2

I am new in C++ programming. I am trying to implement a code through which I can make a single integer value from 6 or more individual bytes.

I have Implemented same for 4 bytes and it's working

My Code for 4 bytes:

char *command = "\x42\xa0\x82\xa1\x21\x22";
__int64 value;
value = (__int64)(((unsigned char)command[2] << 24) + ((unsigned char)command[3] << 16) + ((unsigned char)command[4] << 8) + (unsigned char)command[5]);
printf("%x  %x  %x  %x  %x",command[2], command[3], command[4], command[5], value);

Using this Code the value of value is 82a12122 but when I try to do for 6 byte then the result was is wrong.

Code for 6 Bytes:

char *command = "\x42\xa0\x82\xa1\x21\x22";
__int64 value;
value = (__int64)(((unsigned char)command[0] << 40) + ((unsigned char)command[1] << 32) + ((unsigned char)command[2] << 24) + ((unsigned char)command[3] << 16) + ((unsigned char)command[4] << 8) + (unsigned char)command[5]);
printf("%x  %x  %x  %x  %x  %x  %x", command[0], command[1], command[2], command[3], command[4], command[5], value);

The output value of value is 82a163c2 which is wrong, I need 42a082a12122. So can anyone tell me how to get the expected output and what is wrong with the 6 Byte Code.

Thanks in Advance.

  • 2
    `(unsigned char)command[0] << 40`, your unsigned char, will be promote to `int` which has less byte than `int64_t` in your case. – Jarod42 Aug 07 '18 at 15:33
  • 1
    don't use `%x`, for chars use `%hhx`, for int64 `%llx` in printf – Iłya Bursov Aug 07 '18 at 15:35
  • You have to cast it to `_int64` before shifting. – Jarod42 Aug 07 '18 at 15:42
  • 2
    @IlyaBursov: Technically, if you want to be careful, [you'd use the `inttypes.h` macros like `PRIx64`](https://stackoverflow.com/a/6850853/364696) rather than guessing at the correspondence between relative width prefixes like `ll` and the fixed bit width types. Or since it's C++, you'd just use `iostream` with `std::cout` and avoid the issue entirely. – ShadowRanger Aug 07 '18 at 15:48
  • 1
    Is this actually C++? looks like low-level C to me. – Walter Aug 07 '18 at 15:51
  • You should declare `command` as `uint8_t const * const` because `char` may be signed or unsigned (or char) as defined by the compiler. – Thomas Matthews Aug 07 '18 at 16:53
  • @Walter: The OP tagged it C++, so I'm assuming they're *able* to use C++ features, even if the code doesn't use any as written. – ShadowRanger Aug 09 '18 at 14:55

2 Answers2

5

Just cast each byte to a sufficiently large unsigned type before shifting.

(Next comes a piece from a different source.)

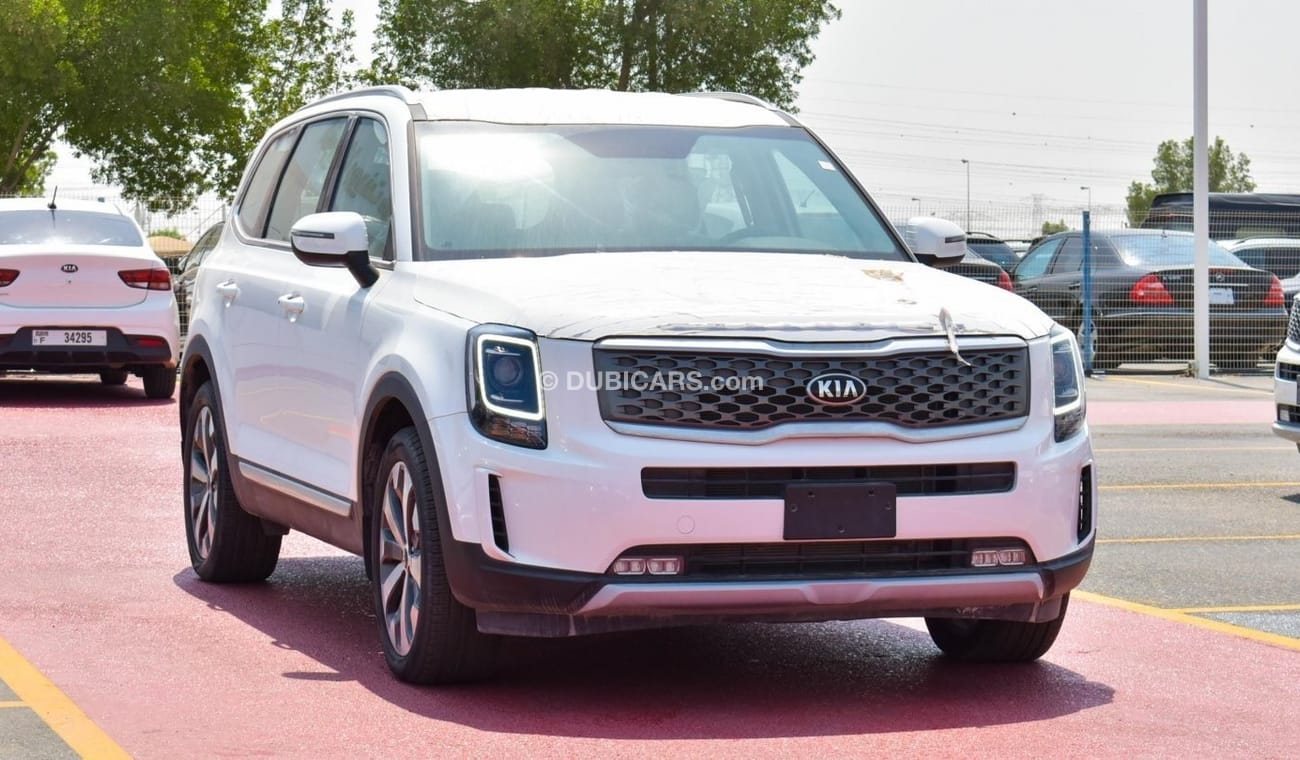 Kia Telluride LX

Even after integral promotions (to unsigned int), the type is not large enough to shift by more than 32 bytes (in the usual case, which seems to apply to you).

See here for demonstration: https://godbolt.org/g/x855XH

unsigned long long large_ok(char x)
{
    return ((unsigned long long)x) << 63;
}

unsigned long long large_incorrect(char x)
{
    return ((unsigned long long)x) << 64;
}


unsigned long long still_ok(char x)
{
    return ((unsigned char)x) << 31;
}

unsigned long long incorrect(char x)
{
    return ((unsigned char)x) << 32;
}

In simpler terms:

The shift operators promote their operands to int/unsigned int automatically. This is why your four byte version works: unsigned int is large enough for all your shifts. However, (in your implementation, as in most common ones) it can only hold 32 bits, and the compiler will not automatically choose a 64 bit type if you shift by more than 32 bits (that would be impossible for the compiler to know).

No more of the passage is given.